» Aim of the exercise: The task for the listing below is to write out exactly the lines starting at the one containing "6579 Freetown Rd, Columbia, MD" and ending at the one containing "Kırmızı Karınca Takım.png", both included. Pictures are to be omitted.

» Data for the task:
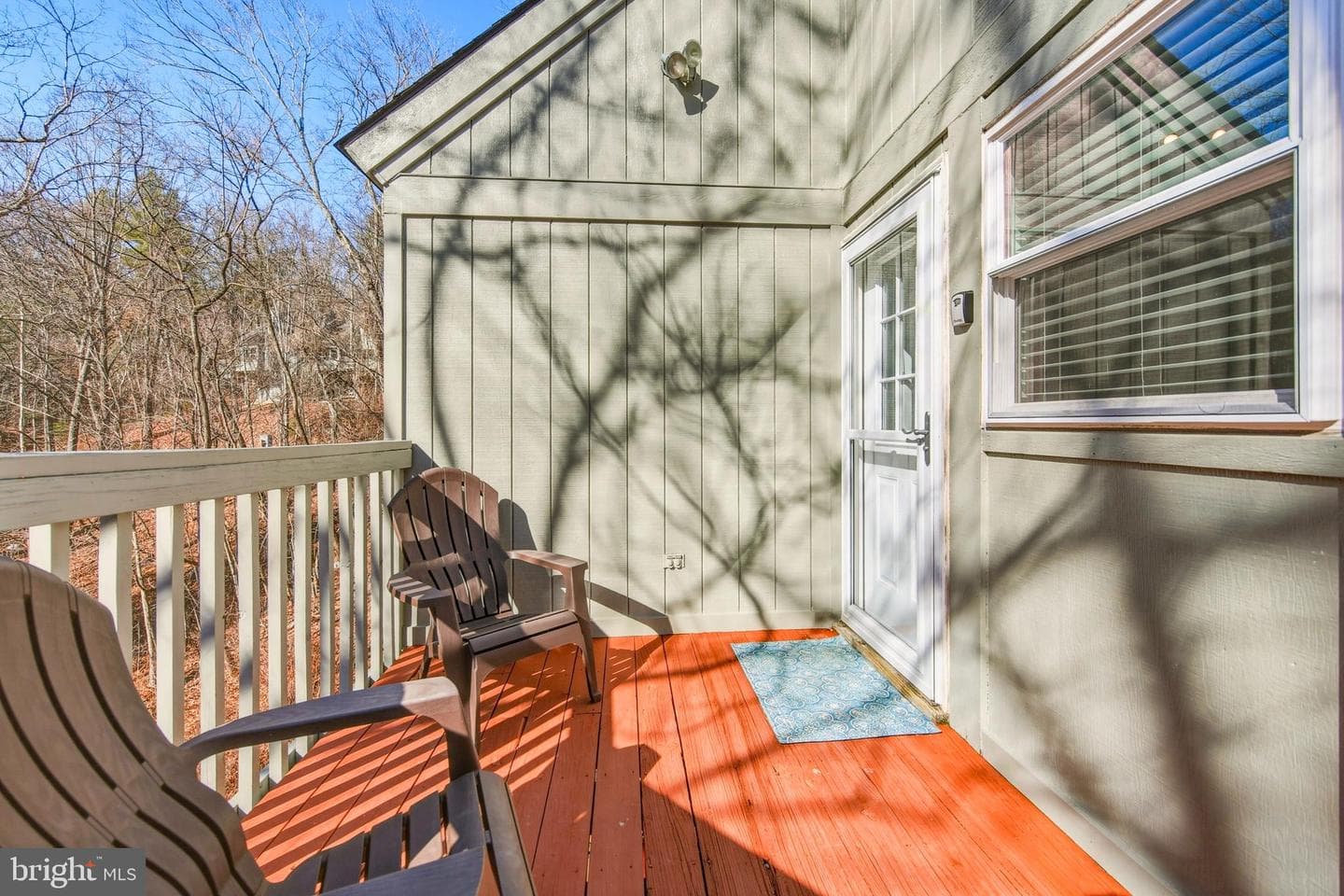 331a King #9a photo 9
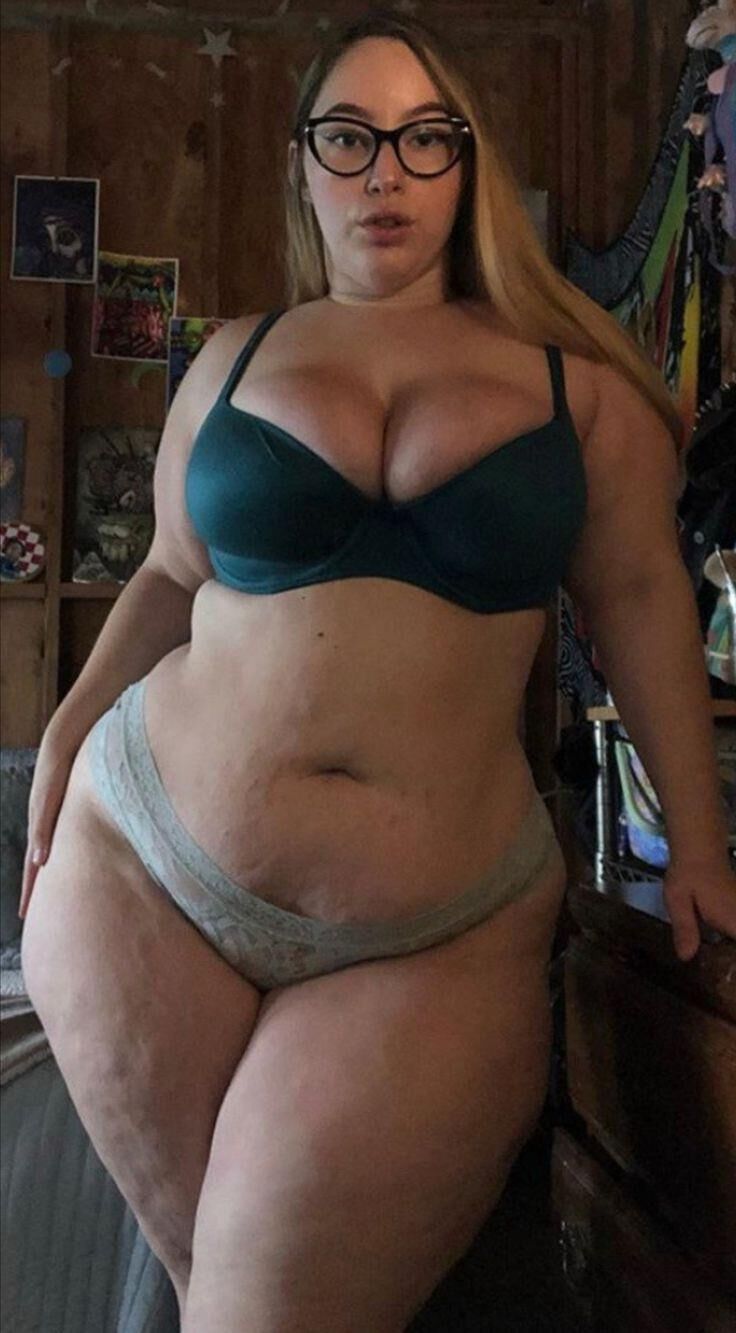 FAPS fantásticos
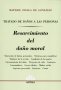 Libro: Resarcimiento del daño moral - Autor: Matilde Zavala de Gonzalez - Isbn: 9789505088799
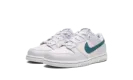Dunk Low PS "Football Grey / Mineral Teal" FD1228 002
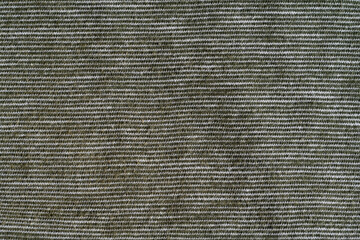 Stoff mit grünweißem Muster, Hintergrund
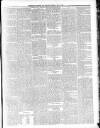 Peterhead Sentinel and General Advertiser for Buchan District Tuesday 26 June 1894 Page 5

* * *

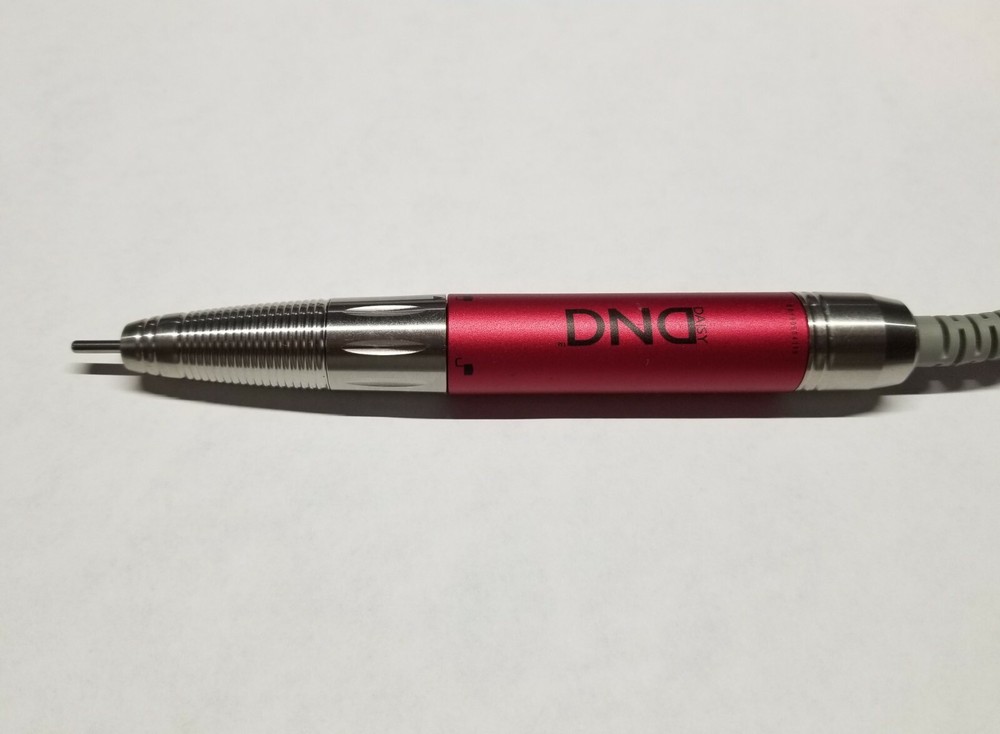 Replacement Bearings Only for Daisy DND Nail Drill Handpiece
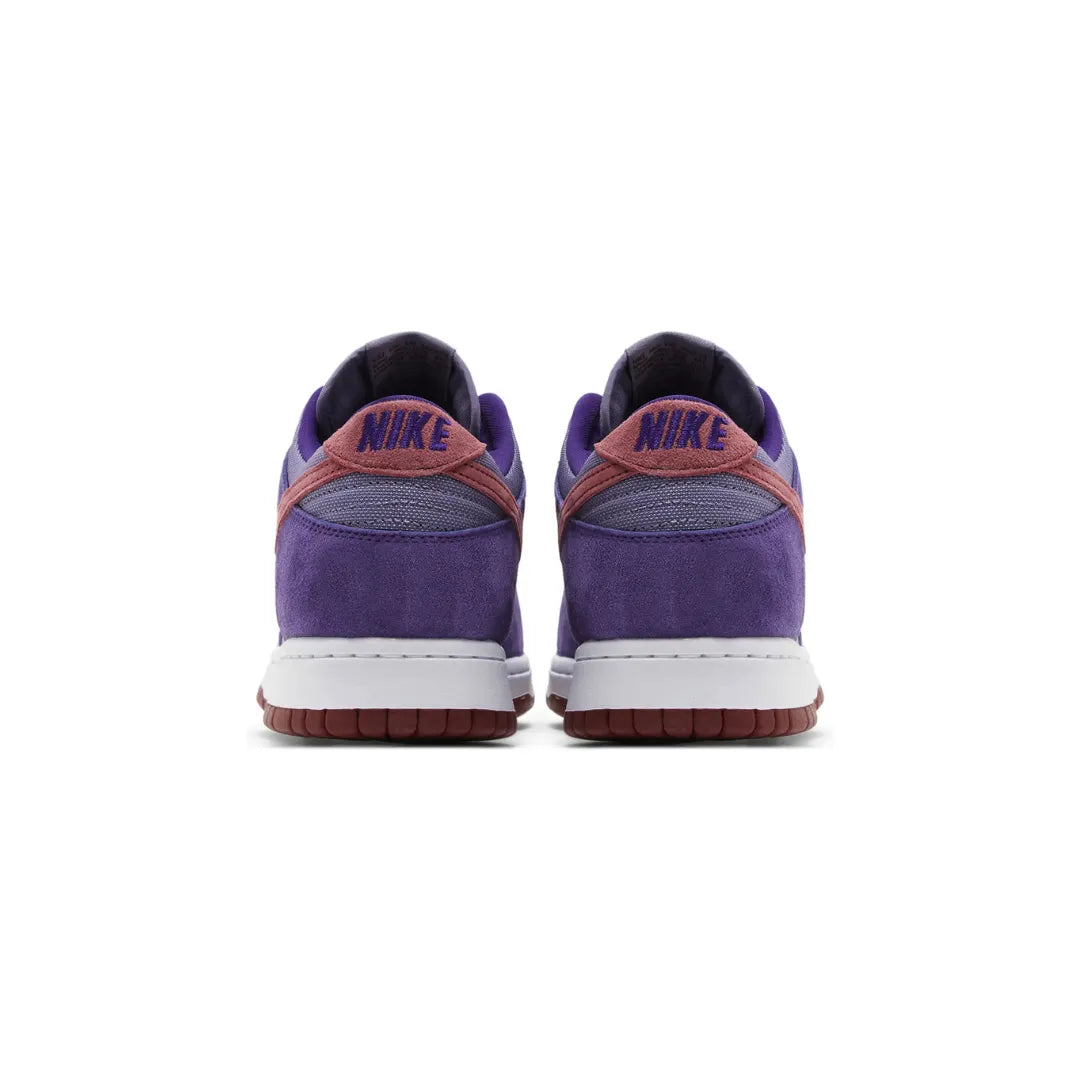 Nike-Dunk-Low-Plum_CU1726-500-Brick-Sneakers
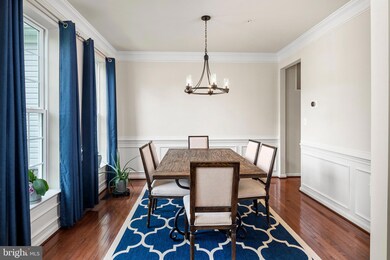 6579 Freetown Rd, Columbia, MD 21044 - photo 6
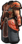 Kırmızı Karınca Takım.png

...

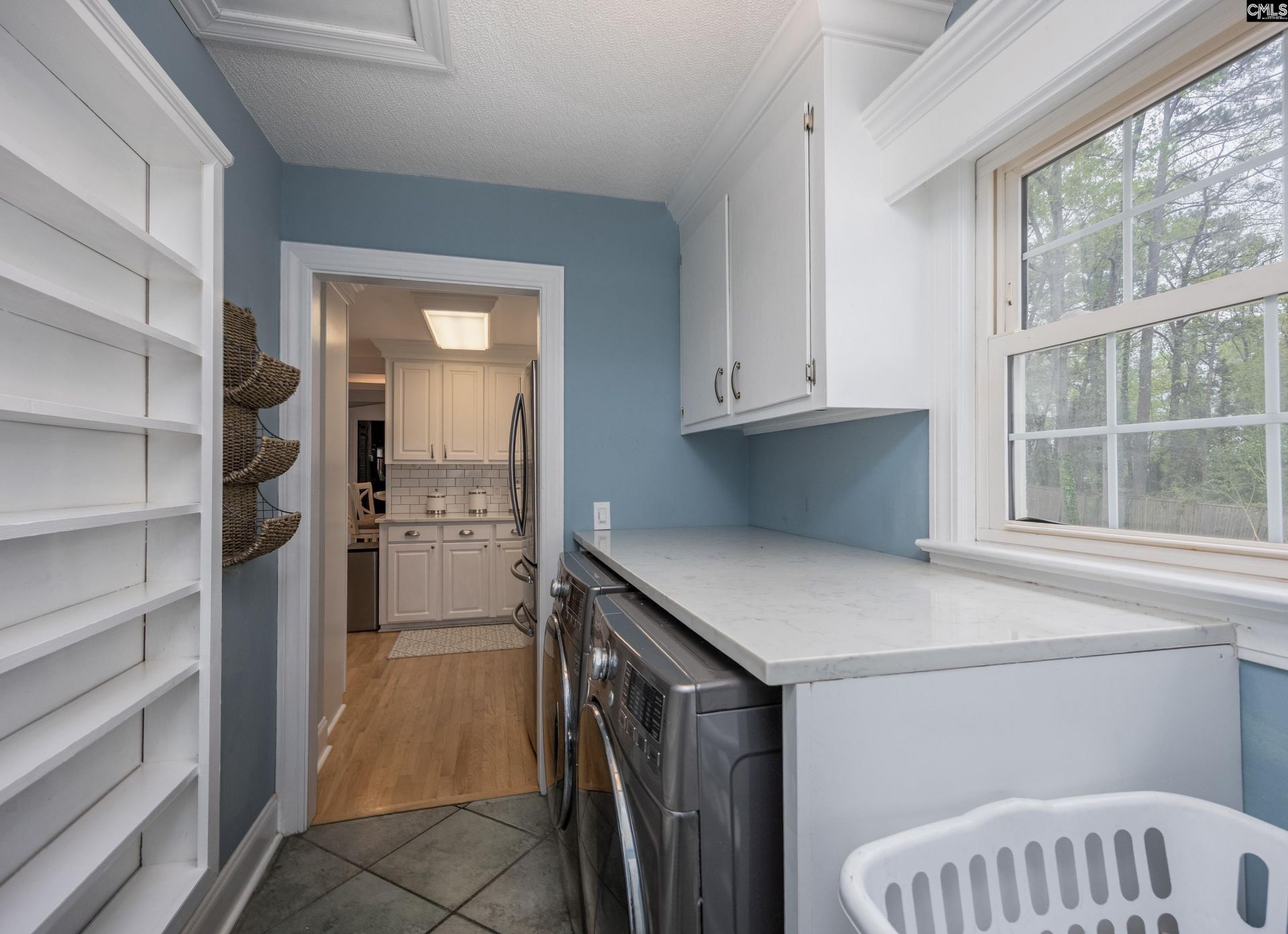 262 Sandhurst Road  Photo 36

» Answer for the task:
 6579 Freetown Rd, Columbia, MD 21044 - photo 6
 Kırmızı Karınca Takım.png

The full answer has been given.